Some details about the issue3 in https://github.com/google/clusterfuzz/issues/2302. It seems that the AFL++'s crashes will be all ignored, because the runner.fuzzer_stderr is always None.

src\python\bot\fuzzers\afl\engine.py#L108

    if os.path.exists(testcase_file_path):
      crash = engine.Crash(testcase_file_path, runner.fuzzer_stderr, [],
                           fuzz_result.time_executed)
      crashes.append(crash)

class Crash(object):
  """Represents a crash found by the fuzzing engine."""

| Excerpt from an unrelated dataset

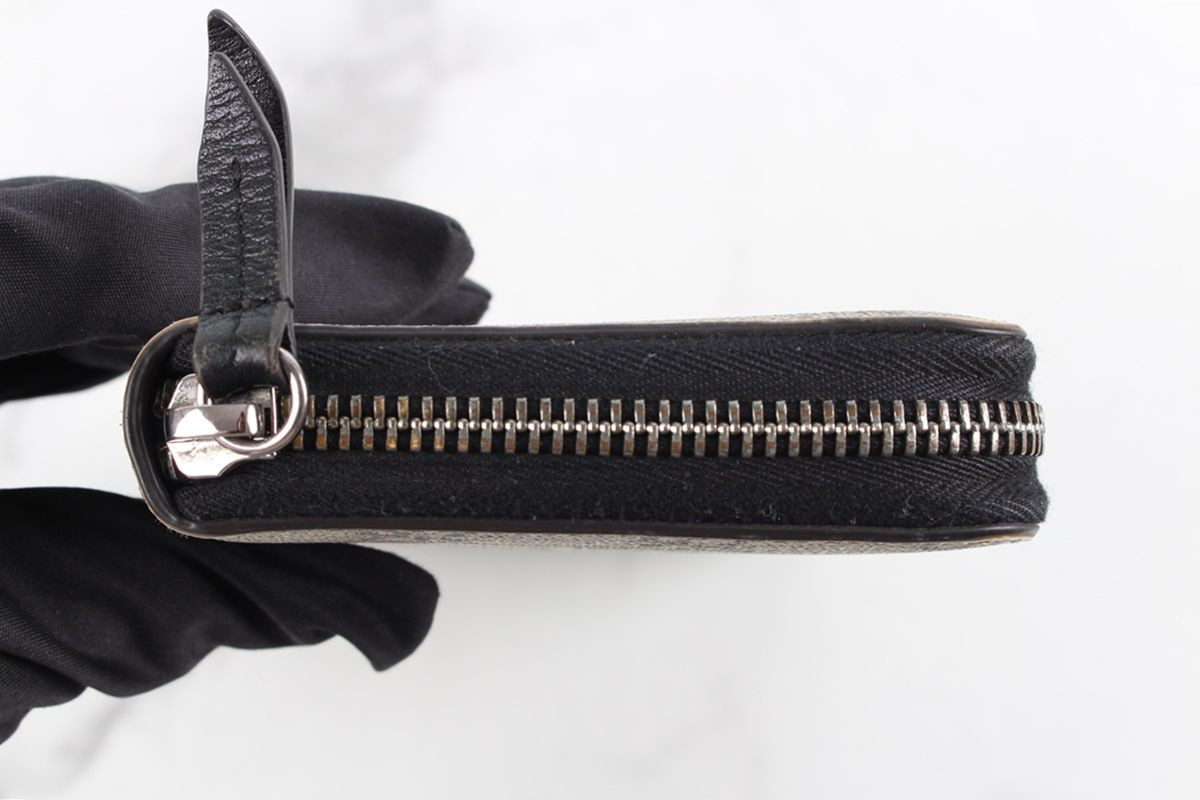 ★TOUT Y EST★ Stephanie Zipper Long Wallet RXACX24120BED Gucci Snake Zip Long Wallet 12345 66234971 | eBay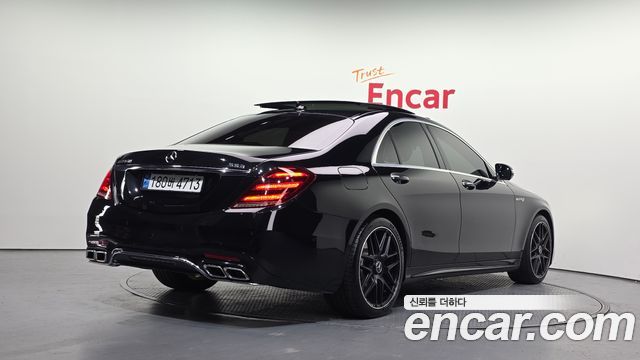 Mercedes-Benz S-Class 2017 — photo 2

  def __init__(self, input_path, stacktrace, reproduce_args, crash_time):
    self.input_path = input_path
    self.stacktrace = stacktrace
    self.reproduce_args = reproduce_args
    self.crash_time = crash_time
  def fuzzer_stderr(self):
    """Returns the stderr of the fuzzer. Reads it first if it wasn't already
    read. Because ClusterFuzz terminates this process after seeing a stacktrace
    printed, make sure that printing this property is the last code a program
    expects to execute.
    """
    if self._fuzzer_stderr is not None:
      return self._fuzzer_stderr

    try:
      with open(self.stderr_file_path, 'rb') as file_handle:
        stderr_data = utils.decode_to_unicode(
            utils.read_from_handle_truncated(file_handle, MAX_OUTPUT_LEN))

      self._fuzzer_stderr = get_first_stacktrace(stderr_data)
    except IOError:
      self._fuzzer_stderr = ''
    return self._fuzzer_stderr

In function do_engine_fuzzing, the crashes will be adjusted by function from_engine_crash. Because the runner.fuzzer_stderr is None, crash_state and crash_type are also None.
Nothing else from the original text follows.